The lenses on each camera were adjusted to deliver the same field-of-view; the Sony crops are larger due to its lower resolution. Each camera was set to Program mode without intervention to see how they performed with default settings.


UPDATE: Click here to see our new Handheld Twilight and Anti Motion Blur results.

The image above was taken with the Sony Cyber-shot DSC-HX5 in Program mode at 125 ISO with an exposure of 0.5 seconds and the lens set to 7mm f4; the original file measured 3.71MB, coincidentally virtually the same size as the TZ10 / ZS7's file. The crops below are taken from the area marked with the red square and presented here at 100%.

The TZ10 / ZS7 kicks-off this sequence at 80 ISO where it delivers a pretty clean and detailed result. Pixel peepers may notice a handful of speckles typical of Panasonic's compact images even at their lowest sensitivities, but most would be happy with the results at this point.

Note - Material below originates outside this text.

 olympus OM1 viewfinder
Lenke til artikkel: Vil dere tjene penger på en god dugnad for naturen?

Below this we have the TZ10 / ZS7 at 100 ISO and the Sony Cyber-shot DSC-HX5 joining-in at its lowest sensitivity of 125 ISO. As we saw on our first results page, each camera takes a different approach to image processing with its default settings. The TZ10 / ZS7 is delivering punchier output by default with most of its settings 'turned-up' compared to the Sony. Here the contrast, sharpness and saturation are all higher, with the Sony looking a little subdued in comparison.

In terms of noise, the Sony appears cleaner at this point, but we believe this is more down to smoothening from its image processing than superior sensitivity.

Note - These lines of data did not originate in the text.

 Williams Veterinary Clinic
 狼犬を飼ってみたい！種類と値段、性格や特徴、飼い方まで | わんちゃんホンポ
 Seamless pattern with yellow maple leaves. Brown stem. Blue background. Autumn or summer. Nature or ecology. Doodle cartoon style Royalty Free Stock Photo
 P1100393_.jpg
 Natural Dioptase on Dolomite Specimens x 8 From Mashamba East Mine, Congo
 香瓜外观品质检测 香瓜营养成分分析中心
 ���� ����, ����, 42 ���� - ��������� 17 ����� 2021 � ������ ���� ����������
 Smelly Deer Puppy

At 200 ISO, the noise textures from the Panasonic have become more noticeable. This texture along with edges becoming less well-defined is a result we've seen from other Panasonic compacts. To be fair though, the Sony is also exhibiting familiar behaviour from earlier models, where in an attempt to eliminate any visible textures, the noise reduction inevitably smears-out fine details. The Panasonic does however allow you to adjust its noise reduction settings if desired.

With the sensitivity increased to 400 ISO, noise textures have become even more visible on the Panasonic images when viewed at 100%, although there's still some good detail remaining. Once again the Sony manages to avoid the same textures, but only by applying ever-increasing noise reduction. The image looks smooth as a consequence, but how much detail is being lost? That said, 400 ISO on either camera is about as high as you'd want to go for the best results. Beyond here both begin to suffer.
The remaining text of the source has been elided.